Gubler Orchids: Corsages to Carnivores

The Gubler family has loved and grown orchids for three generations. Swiss citizen, Hans Gubler, who grew up in a family-owned orchid-growing business, came to America on a Missouri Botanical Gardens scholarship in 1918. He returned to Sweden but emigrated to Temple City, California, in the mid-1950s. Hans bought the Landers nursery in 1975.” ~06 Aug 1989 The San Bernardino Sun

Landers, California, was originally settled in the early 20th Century by prospectors starting with Charles Reche in 1914. Gubler Orchids now occupies part of the former Reche Ranch. Reche was a deputy sheriff wounded by Willie Boy in the last great American manhunt of the West.

In 1985, Hans said Landers was an excellent environment for growing orchids because it cut the days of growing orchids by 20-25%. He added it wasn’t the intensity of the sun, it was the abundance of sunny days.

According to Hans Gubler, it takes from four to 15 years to grow an orchid from seedling to a full blossom, depending on the type of plant. Once a plant blossoms for the first time, it will continue each year thereafter.~23 Aug 1985 The Desert Sun

Now it is Hans’ son, Chris, who continues the legacy, along with his sister, Heidi and daughter, Kelsey.

When visitors tour the nursery they see thousands of varieties of hybrid orchids, many which were created by Hans Gubler.

The plants start from seedlings germinated in an agar solution in a sterile environment. Gubler grows nearly 5,000 varieties of rare orchids.

When we visited Gubler Orchids in January, employees were sewing 30,000 orchid seedlings into tiny Sphagnum Moss pots.

Gubler currently ships their plants to Texas, which distributes orchids to over 700 companies north of Texas.

Busy hands make for a happy heart, and in this case, beautiful flowers too.

Although Gubler Orchids does not sell corsages themselves, they certainly supply the orchids other distributors use to make the fragrant wearable arrangement of flowers given as a gift that are especially popular for proms and weddings.

Everywhere one turns at Gubler’s, they are treated to colorful sights for the eyes and a cornucopia of scents for the nose.

A fly’s worst nightmare waits within the walls at Gubler Orchids

Gubler Orchids offers a nice selection of carnivorous plants. Pitcher plants use a passive method in catching their prey.  Their tube- like leaves form pitchers that hold water and digestive fluids.  Gubler also grows Droseras, a semi-active carnivorous plant, and Sundews with gooey red tentacles. Gubler even has Butterworts, another bug-hungry plant, all available for purchase.

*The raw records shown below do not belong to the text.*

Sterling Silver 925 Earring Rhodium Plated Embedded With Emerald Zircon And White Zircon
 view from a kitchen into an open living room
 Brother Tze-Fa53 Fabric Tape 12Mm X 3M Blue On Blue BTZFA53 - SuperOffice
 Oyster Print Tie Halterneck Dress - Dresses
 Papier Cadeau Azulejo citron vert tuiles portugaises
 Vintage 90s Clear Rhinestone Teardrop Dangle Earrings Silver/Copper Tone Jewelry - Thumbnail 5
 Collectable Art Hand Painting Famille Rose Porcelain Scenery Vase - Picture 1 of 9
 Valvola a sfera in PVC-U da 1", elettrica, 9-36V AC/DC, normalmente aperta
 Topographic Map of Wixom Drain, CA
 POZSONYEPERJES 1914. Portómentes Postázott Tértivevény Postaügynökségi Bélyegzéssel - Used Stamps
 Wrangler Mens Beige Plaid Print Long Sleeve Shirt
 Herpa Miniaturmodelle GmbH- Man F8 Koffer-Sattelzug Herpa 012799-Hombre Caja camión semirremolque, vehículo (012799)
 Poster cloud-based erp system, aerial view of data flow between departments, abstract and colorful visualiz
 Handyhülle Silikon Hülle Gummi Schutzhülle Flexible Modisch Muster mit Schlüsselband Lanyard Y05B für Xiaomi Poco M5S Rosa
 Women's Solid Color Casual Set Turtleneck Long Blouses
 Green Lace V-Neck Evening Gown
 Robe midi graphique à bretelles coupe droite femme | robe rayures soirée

The popular Morongo Basin Orchid Festival was first held in October of 1996 and has been successfully running every October since.


2200 Belfield Blvd
Landers, California 92285

Watch for the signs on the corner of Highway 247 and Reche Road then again at Belfield in Landers. Tours are free, Monday to Saturday, 10 a.m.-3:30 p.m.

Plan ahead. There are other sites in the local area you may want to visit too, like the Morongo Basin Historical Society Museum (free, open Friday and Saturday 11 a.m.-3 p.m.), Giant Rock on BLM land (free), and the Integraton (by appointment only), all in Landers.